Vance is a member of the Halifax a capella group The Women Next Door, which is coming to Vancouver next week to take part in this city’s first pan-Canadian queer choir festival in four years, Unison 2006.

“We can’t wait for the Canadian festivals. There’s such a different feel when all the Canadian choirs sing together,” says Vance. “Our reality as Canadians, our political landscape, has been a lot better, generally, than in the US,” so our choral festivals tend to have more of a celebratory vibe than their American or European counterparts.

Artistic director Willi Zwozdesky, who has been at the helm of the Vancouver Men’s Chorus for almost 25 years, is a key organizer of this year’s festival. With much help from our local queer choirs, he has fashioned an event which he calls “its own unique empire”-one where you will hear material from songwriters like Susan Crowe, Connie Kaldor and other, relatively obscure Canadian artists that would draw blank looks from an audience in New York. Here, on Canadian turf, they are welcomed as “our people, our voices.”

“It builds spirit here at home” and it’s good for the groups who visit from other parts of Canada, Zwozdesky says. “There is a profound emotional connection to this stuff. The voice is the single most intimate expression you have, voices are extremely revealing. You can’t help but be touched. It’s completely normal for people to weep openly-for the joy to be so extreme that people will say their lives will have changed.”

Since US choirs tend to dominate the North American gay choir movement, homegrown festivals are becoming ever more crucial in forging our own Canadian queer identity, Zwozdesky continues. “Faggotry has been legal here for quite some time” so we’re at a different stage of our journey than our American brothers and sisters.

Vance refers to what she calls the “US-centricism” of other festivals she has been to. “It’s a hard thing to explain but it’s there and we lament it all the time,” she laughs. Even at the International GALA festival held in Montreal in 2004, you would never have known you were in Canada until you stepped out into the streets, she says. Inside, it felt like an American festival. Even the merchandise was priced in US dollars.

 

Canadian choirs tend to be more evenly spilt between men and women, while US groups are around 80 percent male, Zwozdesky notes, so at a Canuck festival “just walking into the room, it’s a completely different experience” because women have such a big presence.

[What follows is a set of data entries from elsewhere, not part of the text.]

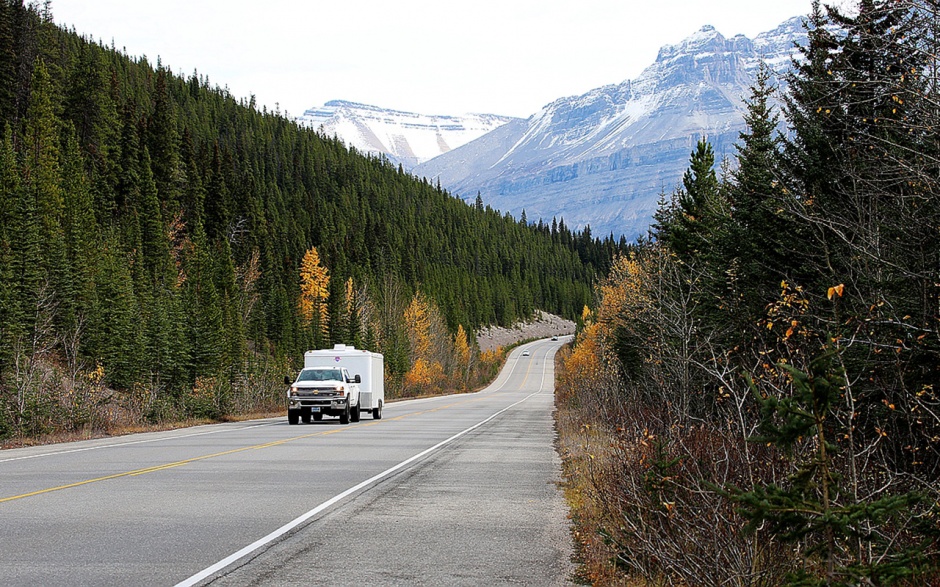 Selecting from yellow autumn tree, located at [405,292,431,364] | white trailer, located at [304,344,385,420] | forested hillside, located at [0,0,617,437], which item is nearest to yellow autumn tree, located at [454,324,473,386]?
forested hillside, located at [0,0,617,437]

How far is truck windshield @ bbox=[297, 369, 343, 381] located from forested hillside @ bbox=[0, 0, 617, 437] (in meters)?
4.89

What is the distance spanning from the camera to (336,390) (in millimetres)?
33062

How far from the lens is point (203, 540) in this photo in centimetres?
902

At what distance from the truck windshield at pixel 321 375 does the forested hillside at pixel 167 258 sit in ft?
16.0

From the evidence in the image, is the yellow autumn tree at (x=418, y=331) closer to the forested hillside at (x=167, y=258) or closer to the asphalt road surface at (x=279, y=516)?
the forested hillside at (x=167, y=258)

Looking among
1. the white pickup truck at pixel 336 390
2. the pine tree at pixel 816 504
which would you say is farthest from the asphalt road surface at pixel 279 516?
the white pickup truck at pixel 336 390

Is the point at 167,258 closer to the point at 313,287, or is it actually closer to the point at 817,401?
the point at 313,287

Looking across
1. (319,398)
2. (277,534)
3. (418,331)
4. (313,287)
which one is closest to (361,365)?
(319,398)

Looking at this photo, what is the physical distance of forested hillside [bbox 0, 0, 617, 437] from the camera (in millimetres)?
41812

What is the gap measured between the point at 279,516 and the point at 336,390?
22.6 metres

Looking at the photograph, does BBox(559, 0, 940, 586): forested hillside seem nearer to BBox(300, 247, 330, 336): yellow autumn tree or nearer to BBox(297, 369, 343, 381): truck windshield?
BBox(297, 369, 343, 381): truck windshield

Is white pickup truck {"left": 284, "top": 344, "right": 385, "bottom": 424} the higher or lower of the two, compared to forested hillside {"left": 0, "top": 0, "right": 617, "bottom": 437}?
lower

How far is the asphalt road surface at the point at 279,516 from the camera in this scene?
7695 mm

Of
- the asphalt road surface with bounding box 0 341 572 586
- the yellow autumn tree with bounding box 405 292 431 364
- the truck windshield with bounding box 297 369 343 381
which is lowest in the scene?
the asphalt road surface with bounding box 0 341 572 586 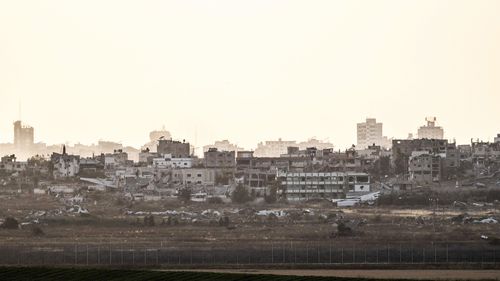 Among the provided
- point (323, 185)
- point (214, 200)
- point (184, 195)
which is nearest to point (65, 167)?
point (184, 195)

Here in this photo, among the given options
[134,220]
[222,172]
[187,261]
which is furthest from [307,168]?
[187,261]

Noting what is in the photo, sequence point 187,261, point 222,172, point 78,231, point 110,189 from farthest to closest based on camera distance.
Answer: point 222,172
point 110,189
point 78,231
point 187,261

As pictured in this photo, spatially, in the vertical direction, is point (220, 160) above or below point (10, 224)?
above

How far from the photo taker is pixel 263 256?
54.6 m

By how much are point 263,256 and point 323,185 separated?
40246 millimetres

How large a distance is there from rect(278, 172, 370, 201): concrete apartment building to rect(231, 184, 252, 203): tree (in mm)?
2501

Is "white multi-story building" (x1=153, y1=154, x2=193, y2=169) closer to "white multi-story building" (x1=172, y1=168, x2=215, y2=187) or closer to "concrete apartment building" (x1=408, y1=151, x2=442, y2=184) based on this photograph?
"white multi-story building" (x1=172, y1=168, x2=215, y2=187)

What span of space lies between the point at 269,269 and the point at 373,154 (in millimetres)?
68345

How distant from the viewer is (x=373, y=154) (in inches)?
4690

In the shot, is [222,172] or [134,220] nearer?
[134,220]

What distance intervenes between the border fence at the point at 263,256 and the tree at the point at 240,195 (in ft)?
108

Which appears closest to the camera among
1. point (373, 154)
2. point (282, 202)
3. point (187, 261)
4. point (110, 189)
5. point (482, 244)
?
point (187, 261)

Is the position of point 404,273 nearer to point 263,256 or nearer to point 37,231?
point 263,256

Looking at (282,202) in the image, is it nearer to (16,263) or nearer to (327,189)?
(327,189) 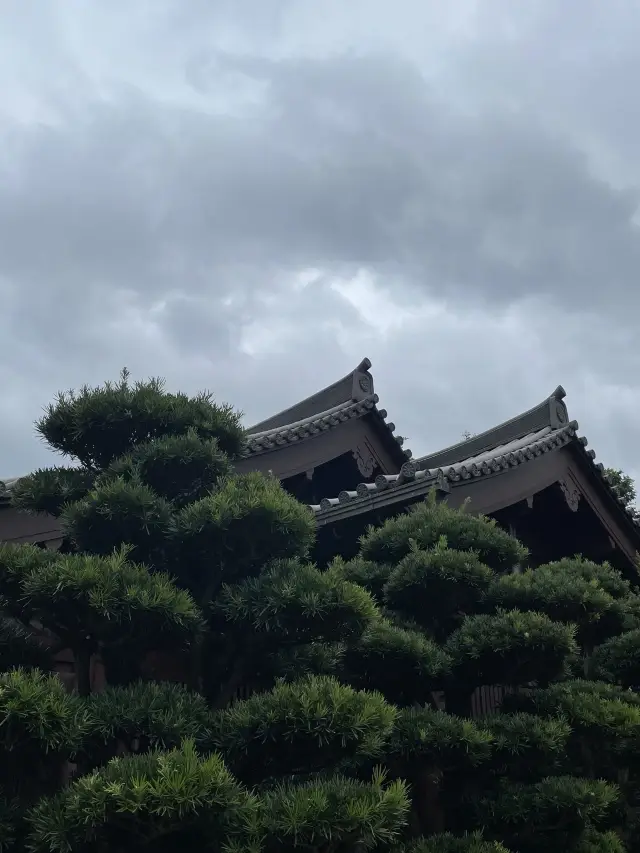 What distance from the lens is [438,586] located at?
760 centimetres

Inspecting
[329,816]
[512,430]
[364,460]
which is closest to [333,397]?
[364,460]

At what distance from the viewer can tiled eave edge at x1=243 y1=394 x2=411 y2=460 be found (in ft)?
36.3

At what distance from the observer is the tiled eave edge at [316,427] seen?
36.3ft

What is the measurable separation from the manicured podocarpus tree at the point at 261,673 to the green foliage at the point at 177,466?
2 centimetres

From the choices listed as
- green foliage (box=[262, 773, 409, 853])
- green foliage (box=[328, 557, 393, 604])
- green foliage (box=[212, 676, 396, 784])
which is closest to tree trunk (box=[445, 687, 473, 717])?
green foliage (box=[328, 557, 393, 604])

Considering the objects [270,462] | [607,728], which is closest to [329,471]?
[270,462]

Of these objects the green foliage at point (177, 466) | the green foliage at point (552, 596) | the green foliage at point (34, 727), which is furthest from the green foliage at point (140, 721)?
the green foliage at point (552, 596)

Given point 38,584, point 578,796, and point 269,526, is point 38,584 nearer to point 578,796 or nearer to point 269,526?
point 269,526

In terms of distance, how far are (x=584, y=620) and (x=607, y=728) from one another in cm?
97

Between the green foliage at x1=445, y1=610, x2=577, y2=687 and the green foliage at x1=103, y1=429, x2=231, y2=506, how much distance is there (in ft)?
8.18

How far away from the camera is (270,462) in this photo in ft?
37.3

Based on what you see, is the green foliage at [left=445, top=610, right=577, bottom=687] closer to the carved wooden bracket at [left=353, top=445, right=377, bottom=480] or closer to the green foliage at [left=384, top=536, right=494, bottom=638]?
the green foliage at [left=384, top=536, right=494, bottom=638]

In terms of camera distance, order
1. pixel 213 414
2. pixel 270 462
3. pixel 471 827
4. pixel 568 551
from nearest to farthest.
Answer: pixel 213 414 < pixel 471 827 < pixel 270 462 < pixel 568 551

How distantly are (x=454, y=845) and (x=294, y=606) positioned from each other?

The Women Next Door will be singing one of Vance’s own compositions called We Were All Just Loving Women, which is based on her work as a queer human rights activist.

“I’m married [to a same-sex partner], have two adopted children, live in rural Nova Scotia quite openly. It’s a pretty darn good life,” she says. In the song, Vance contrasts this with what she calls a “desperate situation around the world” where queer people fear detention, torture and death because of who they are.

For his part, Zwozdesky has worked tirelessly to plan a festival for about two dozen groups and over 500 delegates which will also feature lighter material like his own group’s Madonna medley.

He has also selected material to be performed by “festival ensembles”-groups thrown together by combining members of different groups who will rehearse for a couple of hours, sing their numbers and then cease to exist. It’s music making on the fly, which can lead to some exciting results, Zwozdesky says.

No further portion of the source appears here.